Given records:
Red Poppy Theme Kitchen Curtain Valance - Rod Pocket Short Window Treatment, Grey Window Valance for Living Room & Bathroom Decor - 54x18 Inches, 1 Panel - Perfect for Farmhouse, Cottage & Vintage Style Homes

---

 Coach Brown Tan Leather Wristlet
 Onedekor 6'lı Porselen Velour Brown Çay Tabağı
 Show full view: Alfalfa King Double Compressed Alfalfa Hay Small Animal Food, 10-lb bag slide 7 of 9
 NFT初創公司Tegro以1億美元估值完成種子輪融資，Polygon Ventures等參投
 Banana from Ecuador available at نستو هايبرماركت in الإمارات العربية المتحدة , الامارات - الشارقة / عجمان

The task: In the entries above, find the line with "Show full view: Alfalfa" and the line with "Banana from Ecuador", then restate word for word both of them and every line between, with nothing more.

Exercise result:
 Show full view: Alfalfa King Double Compressed Alfalfa Hay Small Animal Food, 10-lb bag slide 7 of 9
 NFT初創公司Tegro以1億美元估值完成種子輪融資，Polygon Ventures等參投
 Banana from Ecuador available at نستو هايبرماركت in الإمارات العربية المتحدة , الامارات - الشارقة / عجمان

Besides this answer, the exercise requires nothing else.